# MTB in Ireland!



## Yoric52 (Jul 27, 2008)

My girlfriend and I will be traveling to Dublin for the second portion of our vacation this year. We'll be there April 20 - 23rd. Can anyone recommend a great scenic mountain biking trail in the area? We'll also be renting the bikes and equipment.

Also, please feel free to make any other suggestions on places to go or "must sees" in the area! 

Thanks!!

-Chris


----------



## at_1_with_myself (Jul 5, 2006)

Hey Chris,

Try the following site:

http://www.mtbireland.com/news.php

Post this in there forum and you should get some useful info on places to see and renting bikes etc...



Yoric52 said:


> My girlfriend and I will be traveling to Dublin for the second portion of our vacation this year. We'll be there April 20 - 23rd. Can anyone recommend a great scenic mountain biking trail in the area? We'll also be renting the bikes and equipment.
> 
> Also, please feel free to make any other suggestions on places to go or "must sees" in the area!
> 
> ...


----------



## Damitletsride! (Feb 4, 2004)

Hey, i'm a mountain biker that grew up in Dublin and living here at the moment. It's a very popular sport here but has only recently gained respect from the forestry commision over the last few years. One trail center worth visiting that is'nt far from Dublin city is Ballinistoe woods, it has bike rental on site and can be busy on weekends if the weather is good. These are fast flowing man-made trails but alot of fun. 
Another thing that could be very worth while investigating is a mountain bike club called MAD (mountain bike association of Dublin).
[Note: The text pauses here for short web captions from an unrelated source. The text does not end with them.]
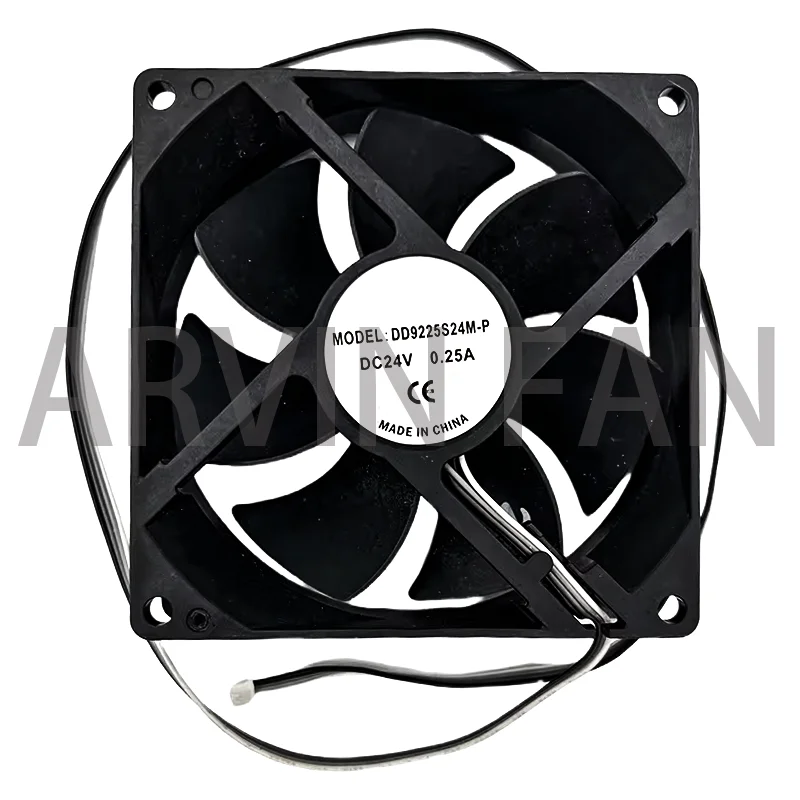 DD9225S24M-P 3D Printer Chassis Temperature Control Fan 【X1/P1 series general】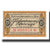 Banknote, Germany, Benneckenstein im Harz Stadt, 25 Pfennig, paysage 4, 1919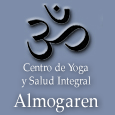 Logo de Centro de Yoga y Salud Integral Almogaren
They meet at a pub called the yellow house every Sunday morning at about 11 but i cant be tottaly sure, it's been a while since ive been out with them but they put together good rides around the Dublin mountains and the Three rock area. The vibe is casual and they always welcome random visiters, morgan is a cool guy that has alot to do with the club there still i think. Check out there website. 
There is alot of riding around Dublin and Wicklow but can be hard to find if your not from the area, best to find some one that knows it. The mountains around Djouce have alot of good trails for biking if you dont mind a bit of navigating, just to name another one. Send me a message if you have any other queries:thumbsup:


----------